Recorded data Block Start

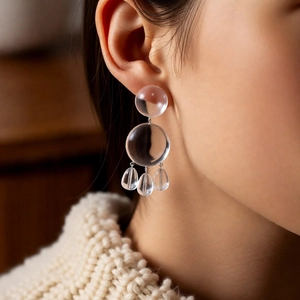 Close-up of clear resin drop earrings with circular beads and tiny water-drop charms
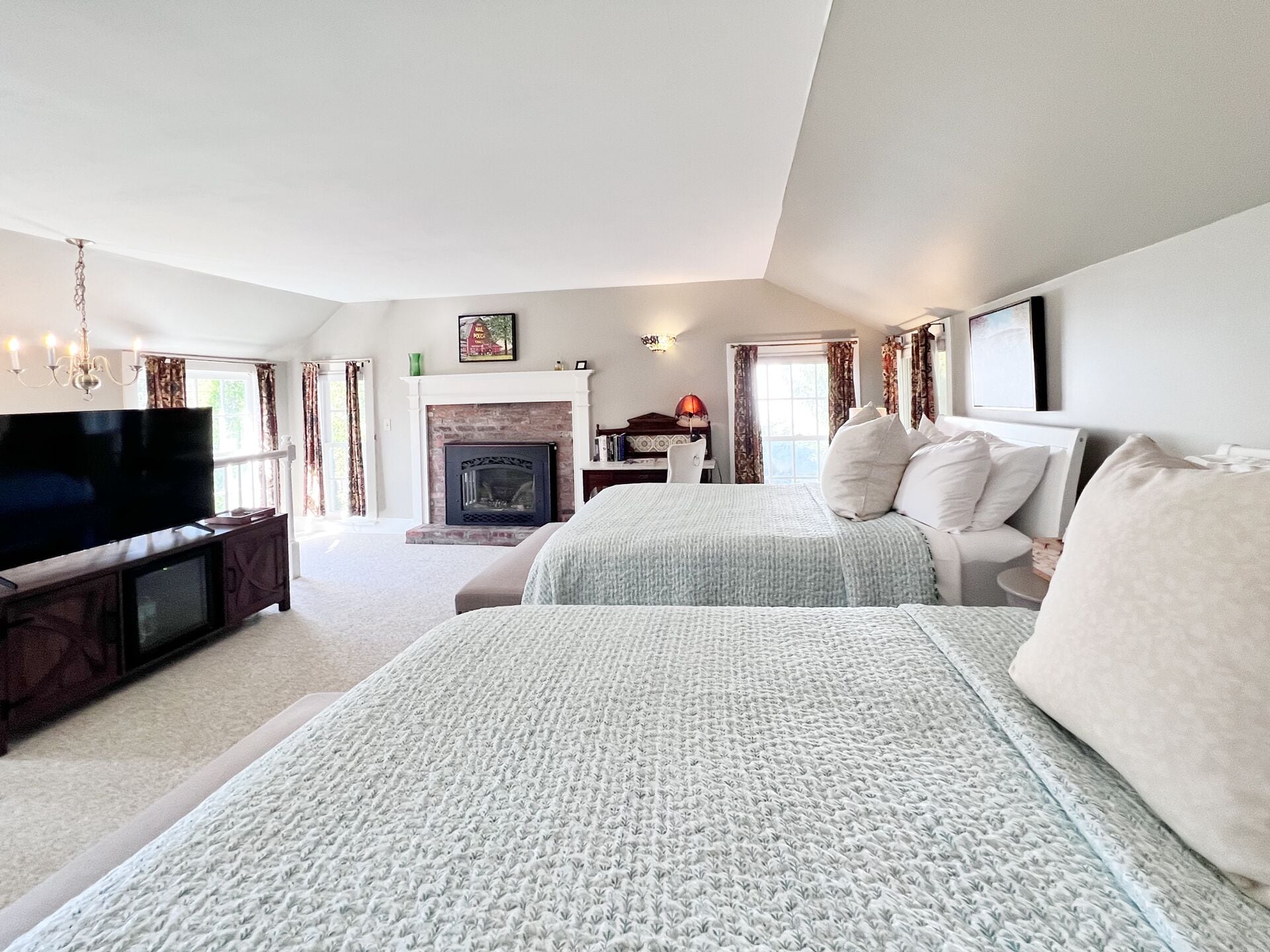 A bedroom with a large bed, a television, a fireplace, and a desk with a chair.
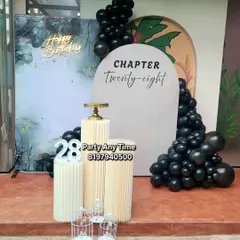 For a more modern and stylish celebration, I offer elegant setups like this 'Chapter 28' birthday. It features a sophisticated black and marble-effect backdrop, a custom arched sign, black chrome balloons, and sleek pedestals for the cake.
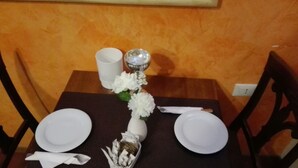 A dining table set with white plates, a white napkin, a vase with white flowers, and a decorative glass object. - B&B Dante e Beatrice (Florence)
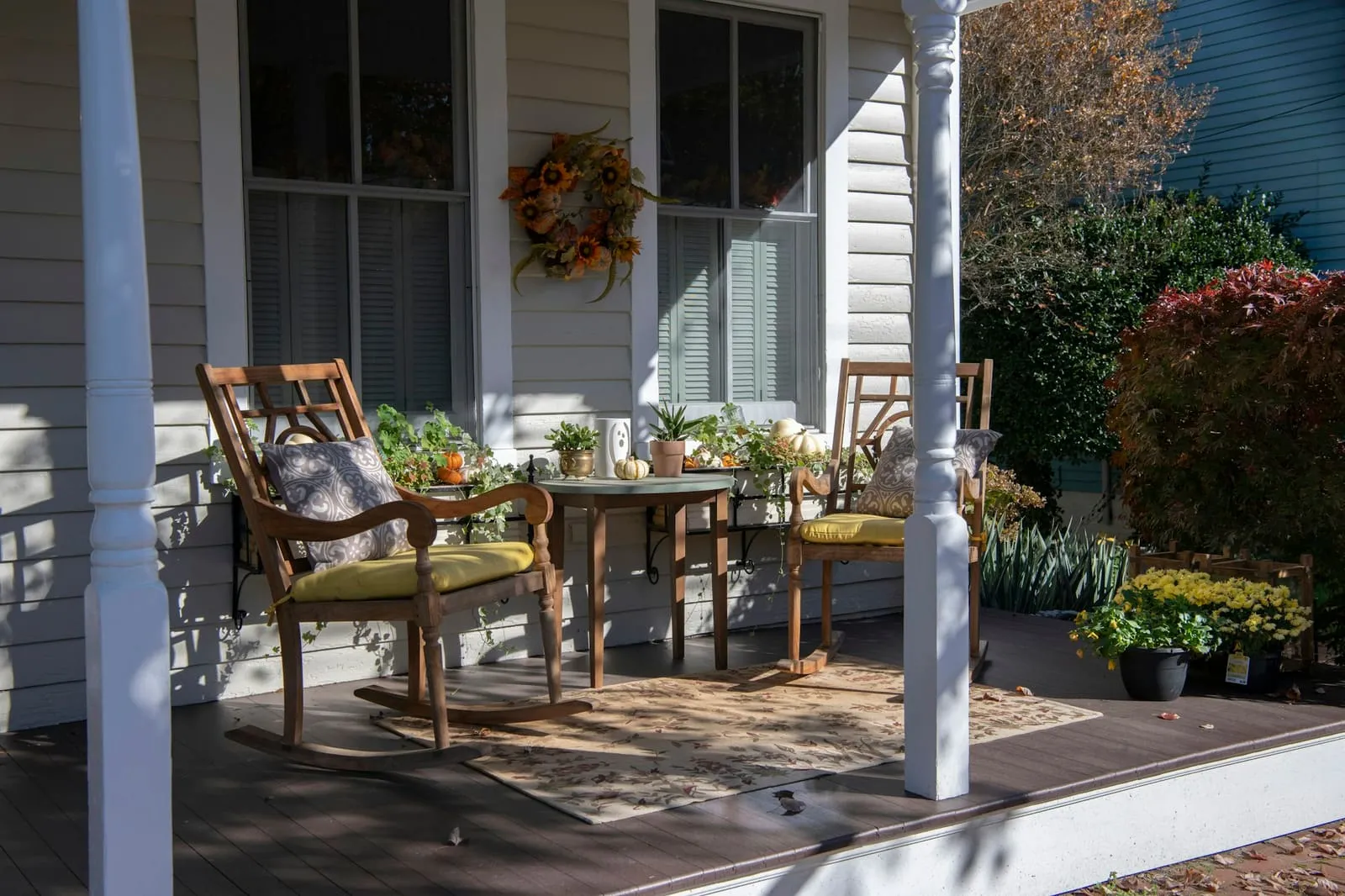 A front porch set with two chairs and a wreath on the door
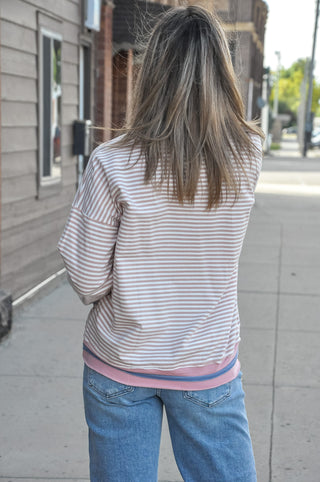 This long sleeve striped sweatshirt is crafted in a soft 95% cotton blend that feels as good as it looks, with thoughtful color-contrasted detailing at the neckline, cuffs, and raw-cut hem that gives it that effortlessly cool, lived-in feel. 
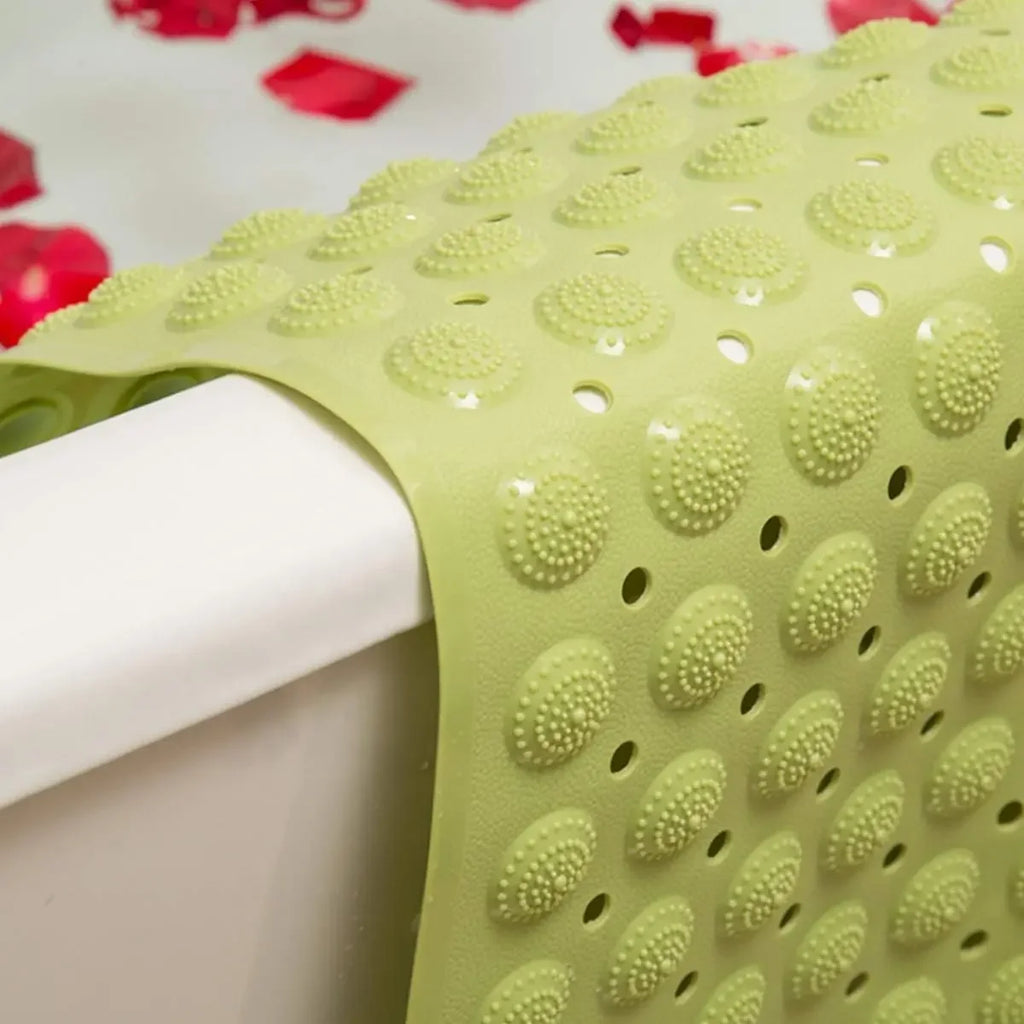 Close-up of LifeKrafts green Accu-Pebble anti-slip bath mat with textured drainage holes
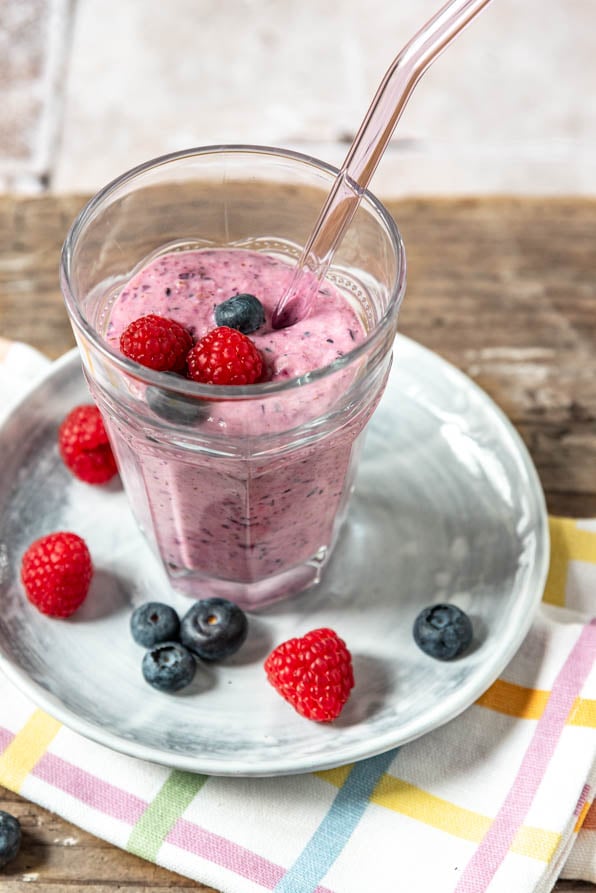 Beeren Smoothie in einem Glas mit Strohhalm und Beeren drumherum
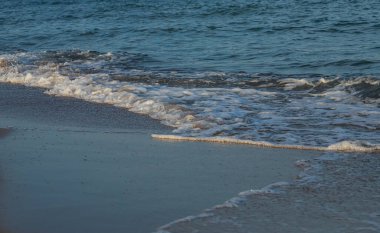 Büyük ve güçlü bir turkuaz fırtına dalgası. Beyaz köpük damlaları kıyıya vuruyor ve kırılıyor..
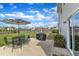 Spacious backyard with patio including outdoor seating and BBQ grill, perfect for entertaining and relaxation at 310 Mineral Spring Ln, Fuquay Varina, NC 27526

Recorded data Block End

Problem = Without the pictures, return the entries exactly as they appear.

Task solution =
 Close-up of clear resin drop earrings with circular beads and tiny water-drop charms
 A bedroom with a large bed, a television, a fireplace, and a desk with a chair.
 For a more modern and stylish celebration, I offer elegant setups like this 'Chapter 28' birthday. It features a sophisticated black and marble-effect backdrop, a custom arched sign, black chrome balloons, and sleek pedestals for the cake.
 A dining table set with white plates, a white napkin, a vase with white flowers, and a decorative glass object. - B&B Dante e Beatrice (Florence)
 A front porch set with two chairs and a wreath on the door
 This long sleeve striped sweatshirt is crafted in a soft 95% cotton blend that feels as good as it looks, with thoughtful color-contrasted detailing at the neckline, cuffs, and raw-cut hem that gives it that effortlessly cool, lived-in feel. 
 Close-up of LifeKrafts green Accu-Pebble anti-slip bath mat with textured drainage holes
 Beeren Smoothie in einem Glas mit Strohhalm und Beeren drumherum
 Büyük ve güçlü bir turkuaz fırtına dalgası. Beyaz köpük damlaları kıyıya vuruyor ve kırılıyor..
 Spacious backyard with patio including outdoor seating and BBQ grill, perfect for entertaining and relaxation at 310 Mineral Spring Ln, Fuquay Varina, NC 27526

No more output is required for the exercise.